It’s the End of the (Real) World as We Know It

by author Susie Lloyd

used with permission by Sophia Institute Press

Years ago my friend Maria came back to the Church. It was the end of the world as she knew it.

In her youth, Maria was a heavy-metal fan; born, like a lot of people in the Sixties, with a deaf wish. But even though rock is now part of the mainstream, and even though liturgical music had it goin’ on in the Seventies, and even though Bob Dylan did a papal concert, there is still no Church-sanctioned version of Ozzy. So she kissed him goodbye.

After that it was goodbye modern TV and movies, goodbye to certain fashions from Trends R Us, goodbye to checkout-lane magazines and commerce on Sundays.

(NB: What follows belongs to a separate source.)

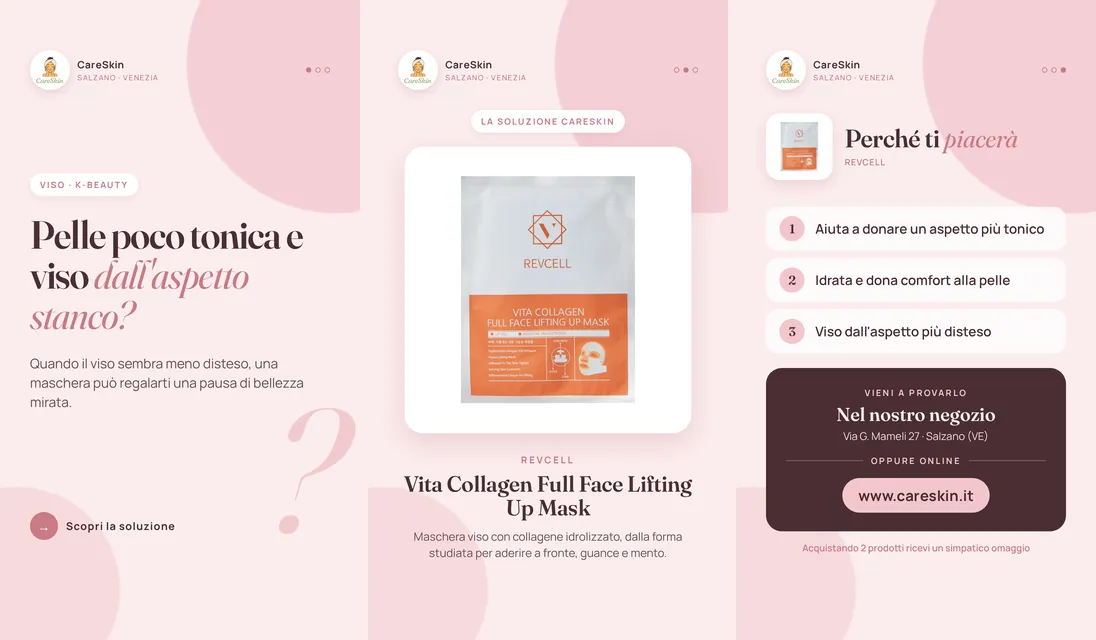 Le 3 storie di Revcell Vita Collagen Full Face Lifting Up Mask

She came to me in a moment of despair and asked when it was going to stop. When, when was life going to seem normal again?

I broke the news: never.

I’m a cradle Catholic who considers being in a coma the only valid excuse for missing Sunday Mass, and I’m still not done saying goodbye to the world.

First it was goodbye to electronics, shoes, clothes, and toys made in Communist China.

At the same time, there was the Disney boycott. Remember that? It wasn’t that their latest princesses were feminists who could “take care of” themselves and routinely rescued men in distress with an agility that was almost cartoonish. It wasn’t that Cinderella’s and Snow White’s torso had been digitally enhanced for the purpose of advertising. It all fell apart when their subsidiary companies started making movies that brought Catholics out to protest with signs and rosaries.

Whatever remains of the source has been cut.